Could the death toll from a killer typhoon in Southeast Asia been prevented?

Canada
September 29, 2009 11:49am CST
The Reuters news headline reads "Typhoon kills 32 in Vietnam; Philippine Toll at 246" and I don't even know if some of my relatives in Manila are affected. But I just had some form of realization this morning when I woke up. North America is the #1 producer of carbon in the world, which causes greenhouse gases, which in turn cause global warming. No less than Al Gore in The Inconvenient Truth says that too much carbon concentration in the atmosphere jinks the weather worldwide, making it unpredictable.

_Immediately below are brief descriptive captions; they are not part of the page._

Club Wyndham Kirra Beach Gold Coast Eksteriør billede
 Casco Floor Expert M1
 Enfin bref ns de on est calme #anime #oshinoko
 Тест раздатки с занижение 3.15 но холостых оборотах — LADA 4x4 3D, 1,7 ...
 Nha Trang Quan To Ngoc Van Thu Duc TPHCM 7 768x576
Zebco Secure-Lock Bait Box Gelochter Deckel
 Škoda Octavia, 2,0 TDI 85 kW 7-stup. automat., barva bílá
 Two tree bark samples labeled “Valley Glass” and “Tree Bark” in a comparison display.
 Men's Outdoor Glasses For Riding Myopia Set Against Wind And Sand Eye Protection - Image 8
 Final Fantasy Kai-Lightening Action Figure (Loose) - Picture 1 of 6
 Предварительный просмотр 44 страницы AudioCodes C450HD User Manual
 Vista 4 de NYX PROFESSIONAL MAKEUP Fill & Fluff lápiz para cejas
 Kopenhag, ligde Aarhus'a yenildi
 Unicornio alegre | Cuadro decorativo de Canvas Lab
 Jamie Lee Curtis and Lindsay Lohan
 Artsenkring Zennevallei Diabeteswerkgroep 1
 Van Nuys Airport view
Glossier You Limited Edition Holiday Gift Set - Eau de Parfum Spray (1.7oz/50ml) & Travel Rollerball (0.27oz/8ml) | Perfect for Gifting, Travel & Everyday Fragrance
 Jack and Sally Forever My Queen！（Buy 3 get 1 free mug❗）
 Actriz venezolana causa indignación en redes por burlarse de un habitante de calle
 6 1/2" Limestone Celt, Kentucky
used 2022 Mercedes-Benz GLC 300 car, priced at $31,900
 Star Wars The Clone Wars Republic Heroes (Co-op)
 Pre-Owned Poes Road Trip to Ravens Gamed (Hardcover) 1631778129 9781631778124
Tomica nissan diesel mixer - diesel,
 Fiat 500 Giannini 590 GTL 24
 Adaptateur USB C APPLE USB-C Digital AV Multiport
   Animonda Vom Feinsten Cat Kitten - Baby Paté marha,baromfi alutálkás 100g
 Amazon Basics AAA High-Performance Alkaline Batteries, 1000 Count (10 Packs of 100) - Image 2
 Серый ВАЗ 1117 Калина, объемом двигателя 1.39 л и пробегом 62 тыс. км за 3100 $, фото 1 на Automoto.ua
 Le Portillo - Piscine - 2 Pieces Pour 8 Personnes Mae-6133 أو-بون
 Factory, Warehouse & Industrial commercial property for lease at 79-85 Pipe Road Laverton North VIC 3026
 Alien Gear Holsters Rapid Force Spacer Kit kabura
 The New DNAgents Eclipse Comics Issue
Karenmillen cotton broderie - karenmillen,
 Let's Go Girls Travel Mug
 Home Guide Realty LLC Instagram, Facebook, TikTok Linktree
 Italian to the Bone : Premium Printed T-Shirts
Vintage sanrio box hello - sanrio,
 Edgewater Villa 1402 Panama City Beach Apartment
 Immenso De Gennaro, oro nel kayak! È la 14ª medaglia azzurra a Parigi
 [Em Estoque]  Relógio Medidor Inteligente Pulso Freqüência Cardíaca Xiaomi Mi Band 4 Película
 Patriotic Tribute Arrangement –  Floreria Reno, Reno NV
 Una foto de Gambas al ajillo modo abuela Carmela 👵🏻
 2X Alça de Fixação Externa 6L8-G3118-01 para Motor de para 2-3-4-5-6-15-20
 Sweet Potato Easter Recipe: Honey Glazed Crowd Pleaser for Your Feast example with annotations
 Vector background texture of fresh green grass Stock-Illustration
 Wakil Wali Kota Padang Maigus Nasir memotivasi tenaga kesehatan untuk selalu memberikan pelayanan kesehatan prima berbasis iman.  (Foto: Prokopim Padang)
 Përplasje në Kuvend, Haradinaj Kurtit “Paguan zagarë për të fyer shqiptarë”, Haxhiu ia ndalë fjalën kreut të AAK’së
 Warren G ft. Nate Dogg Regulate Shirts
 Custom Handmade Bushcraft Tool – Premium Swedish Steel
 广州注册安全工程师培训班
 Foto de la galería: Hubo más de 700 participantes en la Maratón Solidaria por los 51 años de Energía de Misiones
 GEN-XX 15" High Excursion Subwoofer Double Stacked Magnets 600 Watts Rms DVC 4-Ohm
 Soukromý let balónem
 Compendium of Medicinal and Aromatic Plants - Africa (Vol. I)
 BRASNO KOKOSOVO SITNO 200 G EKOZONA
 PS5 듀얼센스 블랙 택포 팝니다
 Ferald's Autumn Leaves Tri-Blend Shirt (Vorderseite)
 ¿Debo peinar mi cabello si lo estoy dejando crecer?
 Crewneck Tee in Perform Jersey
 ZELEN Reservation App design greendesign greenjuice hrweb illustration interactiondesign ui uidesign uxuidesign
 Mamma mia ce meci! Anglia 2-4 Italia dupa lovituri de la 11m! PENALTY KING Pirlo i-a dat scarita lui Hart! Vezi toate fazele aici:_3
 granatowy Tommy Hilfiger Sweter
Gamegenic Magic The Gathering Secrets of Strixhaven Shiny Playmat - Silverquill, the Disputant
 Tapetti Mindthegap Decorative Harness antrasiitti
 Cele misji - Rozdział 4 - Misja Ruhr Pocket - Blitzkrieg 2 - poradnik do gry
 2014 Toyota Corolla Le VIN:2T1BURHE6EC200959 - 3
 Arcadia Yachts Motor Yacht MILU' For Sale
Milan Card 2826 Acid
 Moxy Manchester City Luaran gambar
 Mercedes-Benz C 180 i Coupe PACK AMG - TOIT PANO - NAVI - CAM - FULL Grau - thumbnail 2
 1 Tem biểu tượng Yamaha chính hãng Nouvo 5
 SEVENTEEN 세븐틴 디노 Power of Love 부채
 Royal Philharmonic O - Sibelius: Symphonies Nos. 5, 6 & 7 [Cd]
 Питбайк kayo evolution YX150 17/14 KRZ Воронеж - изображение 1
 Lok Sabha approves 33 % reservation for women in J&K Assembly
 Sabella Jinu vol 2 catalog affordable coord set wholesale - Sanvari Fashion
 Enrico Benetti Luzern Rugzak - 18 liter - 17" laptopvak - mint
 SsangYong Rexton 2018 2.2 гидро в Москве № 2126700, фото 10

The Reuters news agency quotes a Vietnamese official as saying that the typhoon was the worst in three decades. So there, what better explanation can you have? Meanwhile, The US is pressuring developing countries like China and India to make commitments towards reducing carbon emission, but the two countries won't commit. Why, because when the US was in the process of industrializing, no one forced the country to reduce its carbon emission targets, did anyone? And now China and India are being told to take it easy on the carbon, or else. Whatever the unfairness, the carbons are certainly wreaking havoc on what would otherwise be relatively predictable weather patterns around the globe. But this is not the case! What are your thoughts on this? Any radical ideas to change the course of global warming?